The lengthy “George Fox Searches” is dedicated to Jeffrey Guyton and takes its title from the founder of the Quakers, George Fox (1624-1691), invoking the subject’s spirit with quaint majesty. Essentially an improvisation on a delicate and full romantic fragment, Tyranny moves first into a lush arpeggiated dance with muscular, ringing fluidity, while the second thematic variation finds him building a network of pointillist jabs, disjointed like firecrackers against a keening base. Snatches of strident folksiness soon emerge, only to be offset by sparse upper-register curls and shadowy, nearly diffuse filigree. Stretched out over 20 minutes, “George Fox Searches” retains a striking thematic core even as Tyranny works coiled jabs, knuckled statements, and brief passages of floating repetition into his palette, an array of colors that, were they not harmonically related to the short “theme,” might seem far afield. The closing minutes are restive and bluesy, effortlessly shifting between stoicism and knowing nudges. Written for a 2009 performance at the Friends Meeting House in New York (its initial version runs for about 50 minutes), “George Fox Searches” is a particularly fine window into Tyranny’s improvisational acumen.

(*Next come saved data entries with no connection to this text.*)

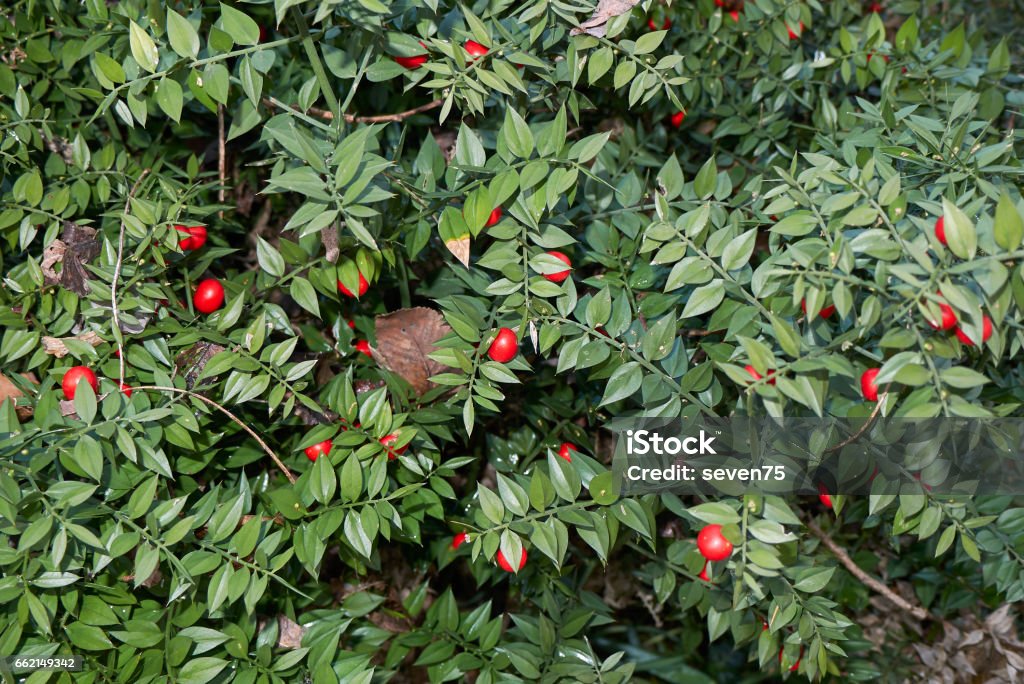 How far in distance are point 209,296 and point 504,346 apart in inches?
23.5

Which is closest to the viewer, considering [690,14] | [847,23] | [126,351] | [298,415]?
[126,351]

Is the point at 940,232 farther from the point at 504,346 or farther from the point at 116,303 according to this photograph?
the point at 116,303

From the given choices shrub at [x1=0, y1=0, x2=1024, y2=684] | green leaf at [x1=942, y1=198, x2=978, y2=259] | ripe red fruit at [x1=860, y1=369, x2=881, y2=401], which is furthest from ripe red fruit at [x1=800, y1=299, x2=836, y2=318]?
green leaf at [x1=942, y1=198, x2=978, y2=259]

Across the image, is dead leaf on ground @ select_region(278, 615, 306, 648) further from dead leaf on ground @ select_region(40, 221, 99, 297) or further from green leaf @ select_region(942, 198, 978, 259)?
green leaf @ select_region(942, 198, 978, 259)

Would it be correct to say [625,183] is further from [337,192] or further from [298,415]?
[298,415]

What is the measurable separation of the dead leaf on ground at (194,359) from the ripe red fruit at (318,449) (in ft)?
0.70

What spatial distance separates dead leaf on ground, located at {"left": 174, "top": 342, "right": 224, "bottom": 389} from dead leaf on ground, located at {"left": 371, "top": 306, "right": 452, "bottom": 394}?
0.29m

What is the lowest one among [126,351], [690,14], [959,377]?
[126,351]

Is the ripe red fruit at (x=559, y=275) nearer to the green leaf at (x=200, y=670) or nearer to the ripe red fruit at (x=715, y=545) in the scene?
the ripe red fruit at (x=715, y=545)

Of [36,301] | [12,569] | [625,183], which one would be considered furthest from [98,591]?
[625,183]

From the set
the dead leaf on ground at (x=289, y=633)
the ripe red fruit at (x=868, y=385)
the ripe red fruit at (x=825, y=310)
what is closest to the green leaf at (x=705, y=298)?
the ripe red fruit at (x=825, y=310)

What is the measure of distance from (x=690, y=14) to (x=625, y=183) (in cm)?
59

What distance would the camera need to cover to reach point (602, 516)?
130 centimetres

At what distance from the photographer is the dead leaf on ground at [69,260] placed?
145 cm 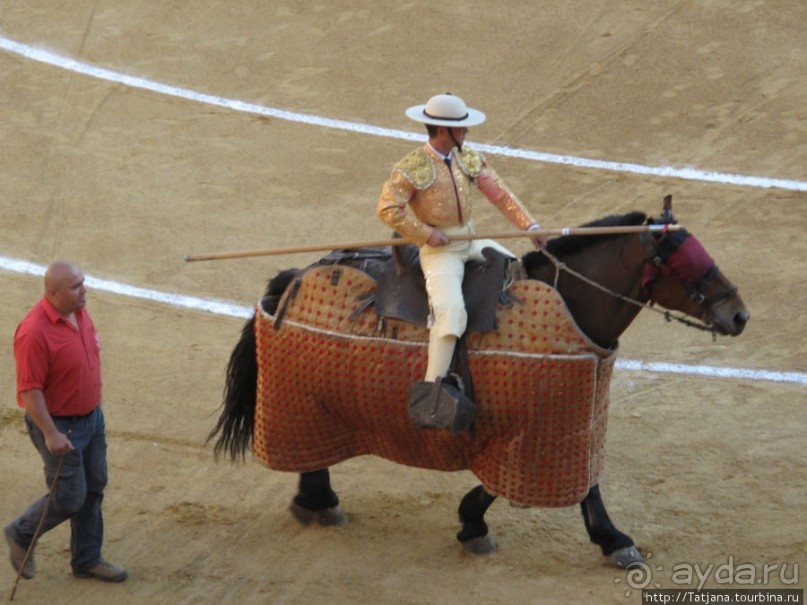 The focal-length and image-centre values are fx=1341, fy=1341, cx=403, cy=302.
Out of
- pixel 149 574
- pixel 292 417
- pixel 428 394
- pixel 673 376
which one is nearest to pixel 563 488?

“Intuition” closes the LP, a meditation for piano and tape (the latter put together in 1987) that shores gentle, quavering harmonies alongside glassy vibraphone-like sounds, horns, explosions, garbled noise, and birdsong, but sculpted in a way that this accompaniment skitters and weaves its way into the pianist’s framework. Not entirely a dialogue and more akin to the vestiges of an installation, this short piece is a fitting comedown from the quizzical glory of Tyranny’s searching soli. Furthermore, the CD version of Detours is programmed a bit differently, swapping “George Fox Searches” and “She Wore Red Shoes,” so there is an electronic continuity not present on the vinyl edition (reviewed here). Unseen Worlds could not have chosen a better point from which to continue their relationship with “Blue” Gene Tyranny’s work, and Detours is a gorgeous offering of contemporary piano music.